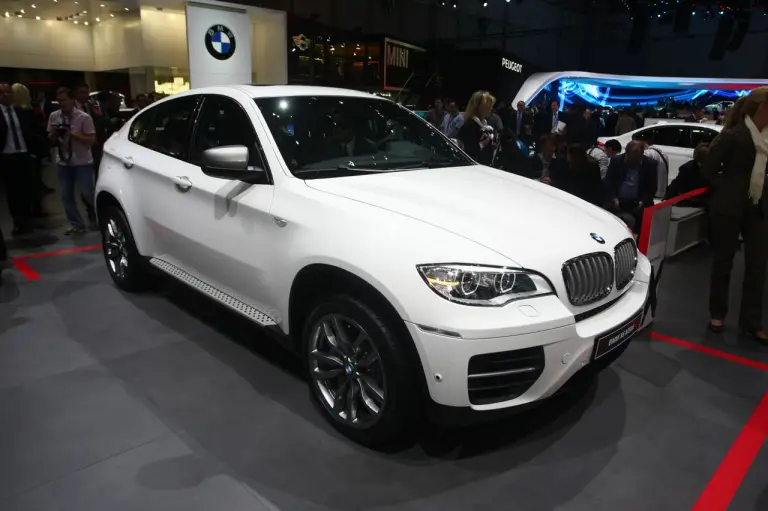 BMW M550d e BMW X6 M50d - Salone di Ginevra 2012 - 9
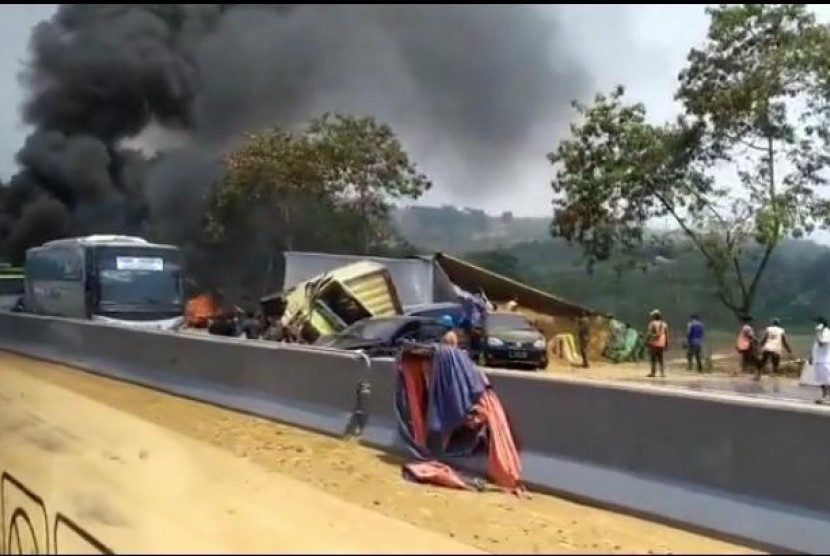 Kecelakaan di Tol Cipularang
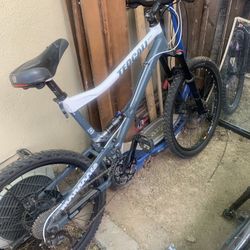(Bike) Mongoose And Tri Star Yorker
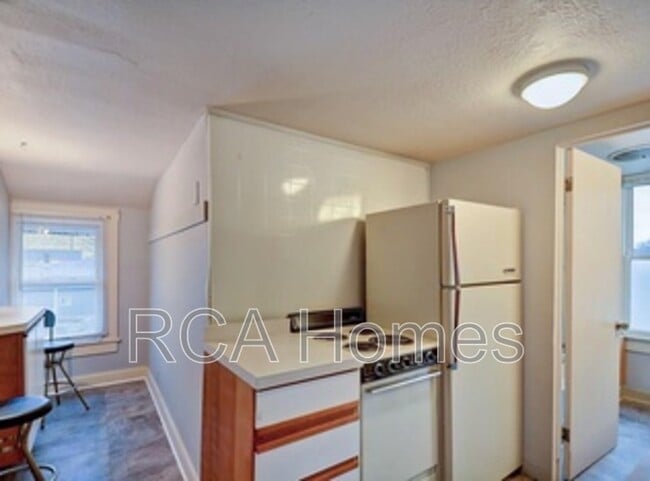 Building Photo - 2912.5 Shelby St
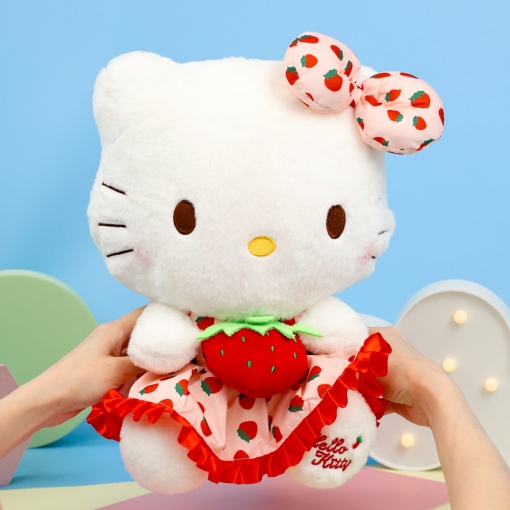 Мягкая игрушка "Кт" с клубникой 35см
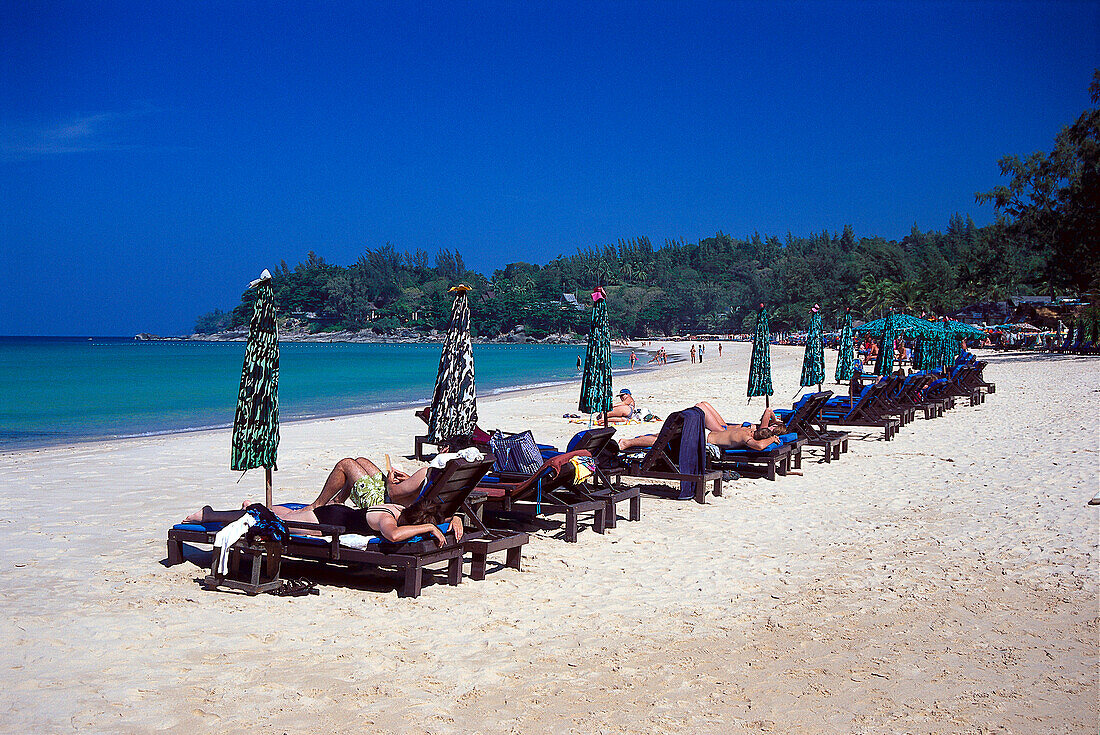 Beach chaise, Hat Kata Noi Beach, Phuket, Andamanensee Thailand
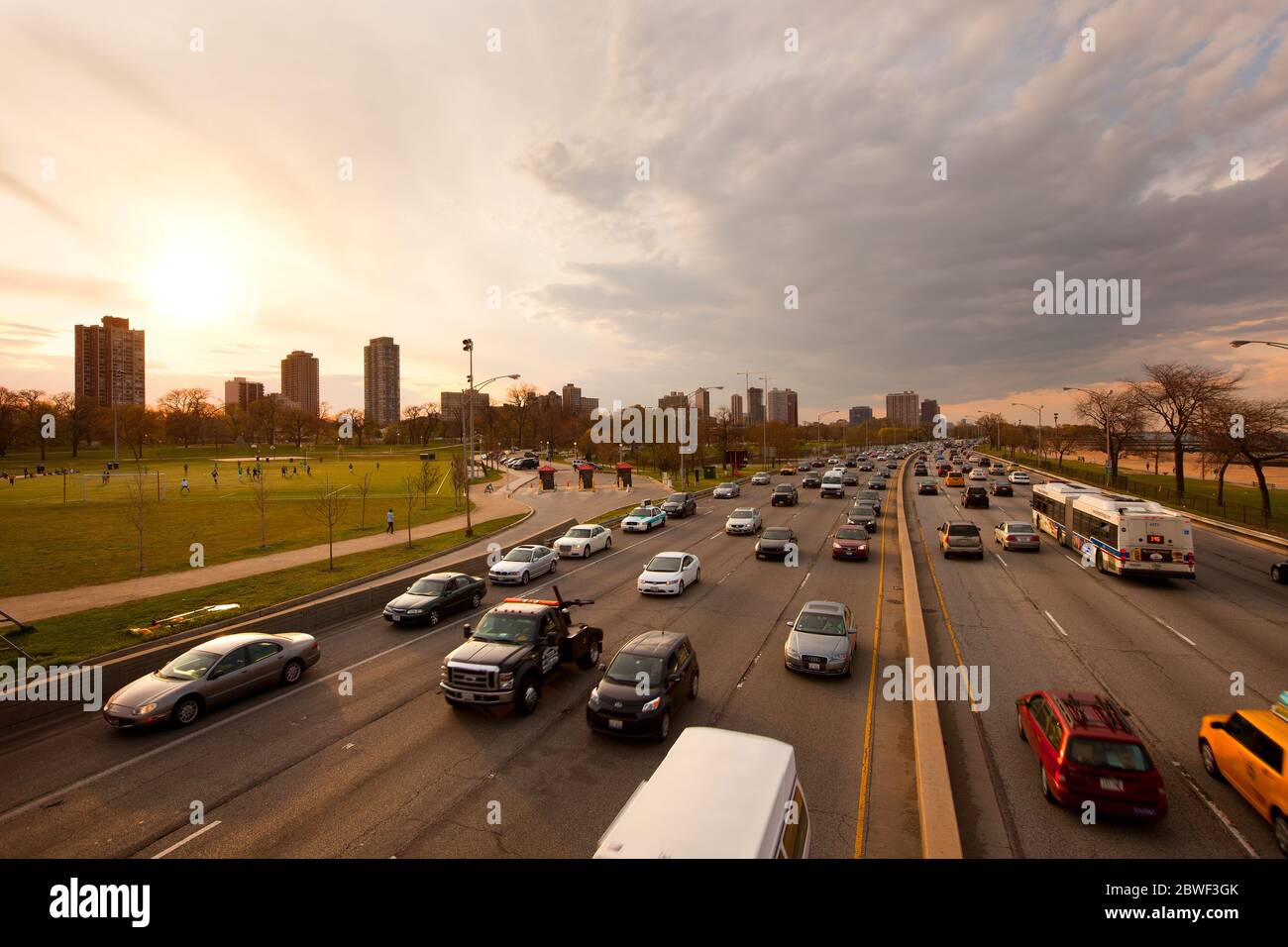 Chicago, Illinois, USA - Verkehr auf dem Lake Shore Drive bei Sonnenuntergang. Stockfoto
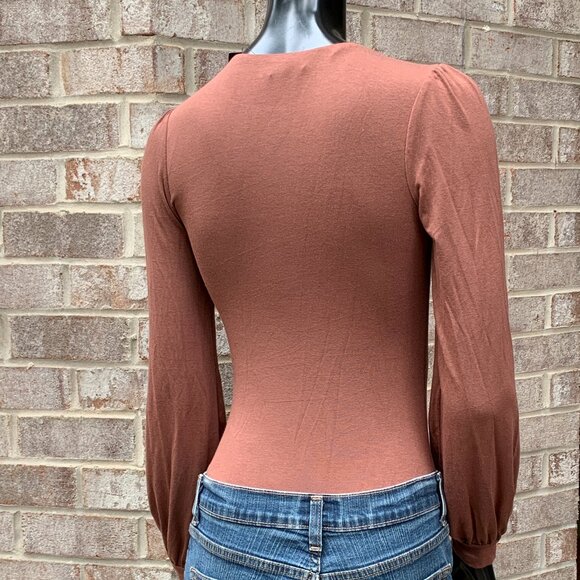 Lulus Long Sleeve Bodysuit Top Sz S  NWT - Picture 4 of 14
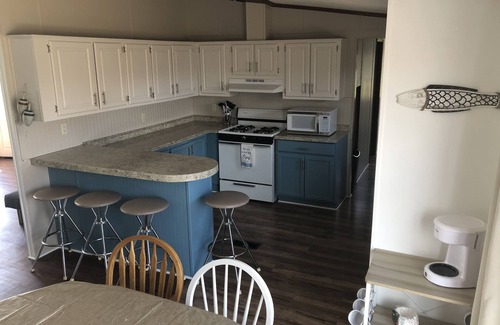 Fishers Landing Cottage | 1000 Islands Cottage minutes from free boat launch!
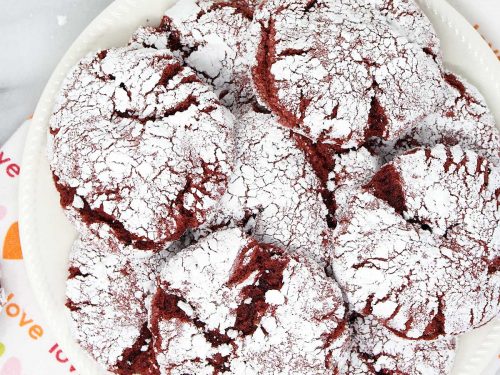 Red-Velvet-Crinkle-Cookies-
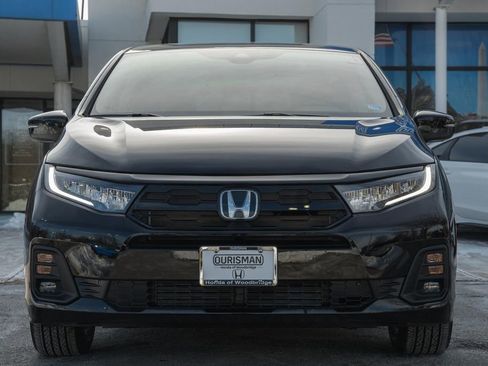 New 2026 Honda Odyssey Touring image 2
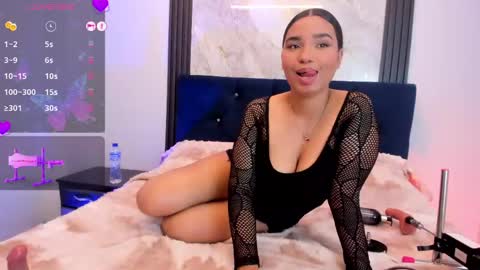 khateandersson online show from May 31, 6:09 pm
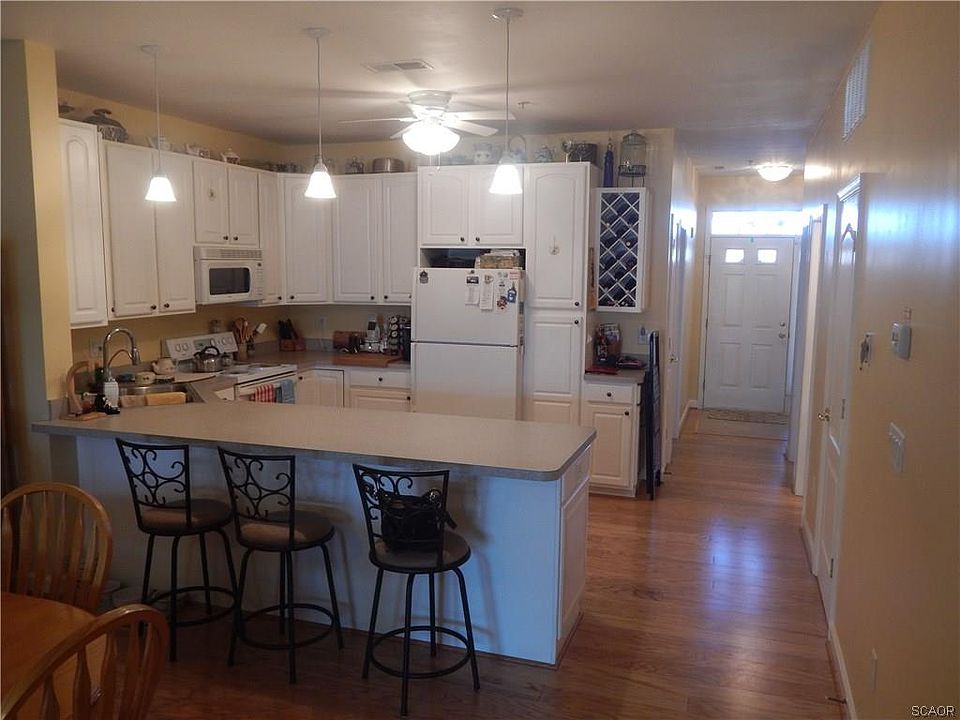 1st image of 34363 Summerlyn Dr APT 202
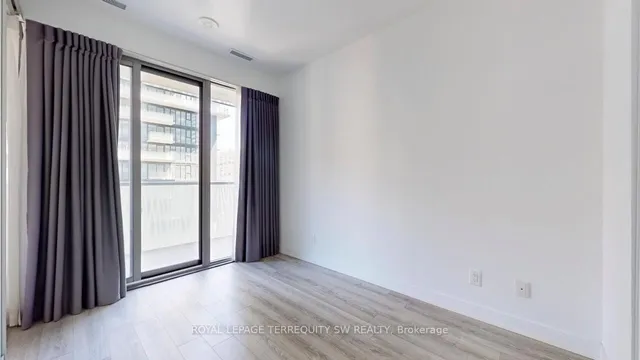 Additional image 10 of 50 Charles St Unit 1012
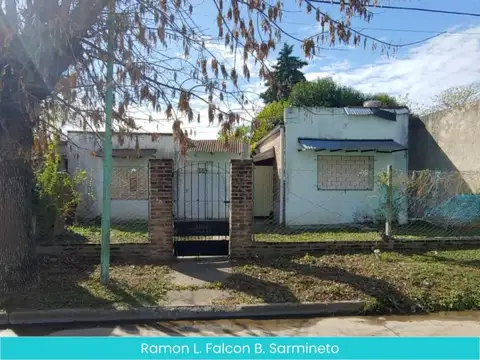 Casa En Ramon L. Falcon 338, Barrio Sarmiento, Lujan En Venta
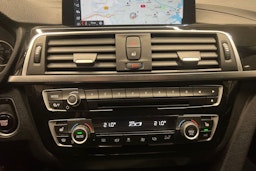 musta BMW 330 2018 kuva 15.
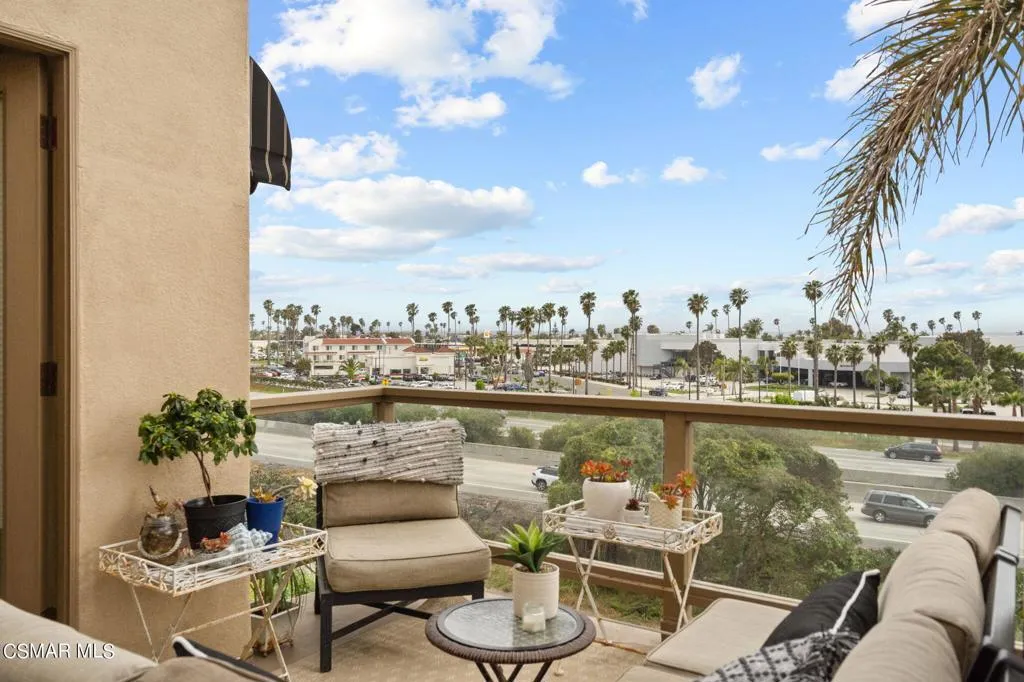 Ventura, California 93001, United States, 3 Bedrooms Bedrooms, ,3 BathroomsBathrooms,Residential,Active,57274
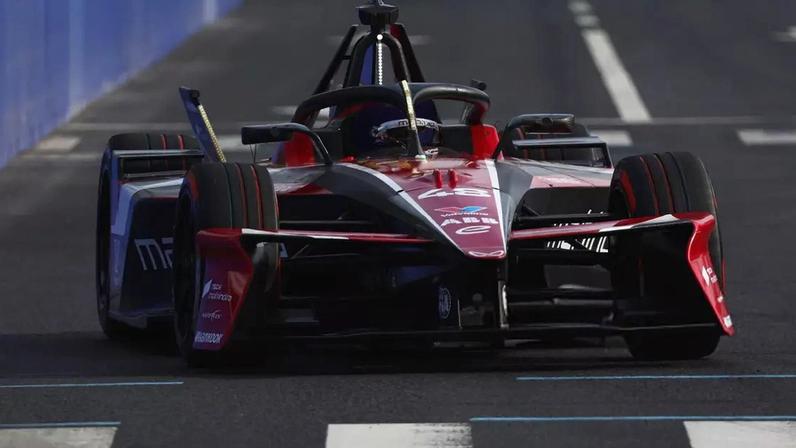 Edoardo Mortara durante o TL1 em Sanya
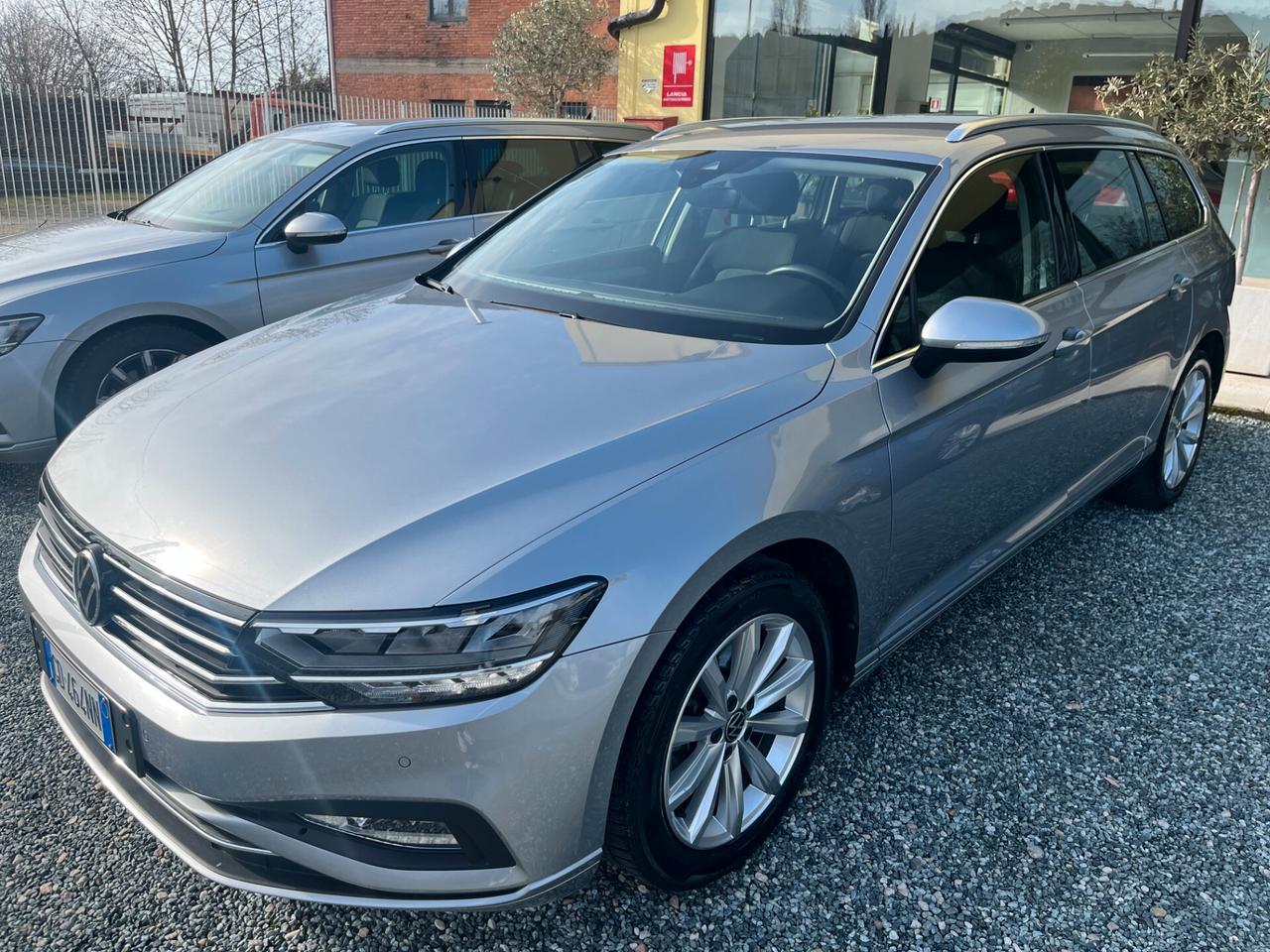 Volkswagen Passat Variant 2.0 TDI SCR EVO DSG Business 04/2021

◇ ◇ ◇

### WHAT YOU ARE ASKED TO DO
Your copy should consist only of the lines from the one containing "Edoardo Mortara durante o TL1 em Sanya" through the last line of the entries above, reproduced exactly, without pictures.

### ANSWER BOX
 Edoardo Mortara durante o TL1 em Sanya
 Volkswagen Passat Variant 2.0 TDI SCR EVO DSG Business 04/2021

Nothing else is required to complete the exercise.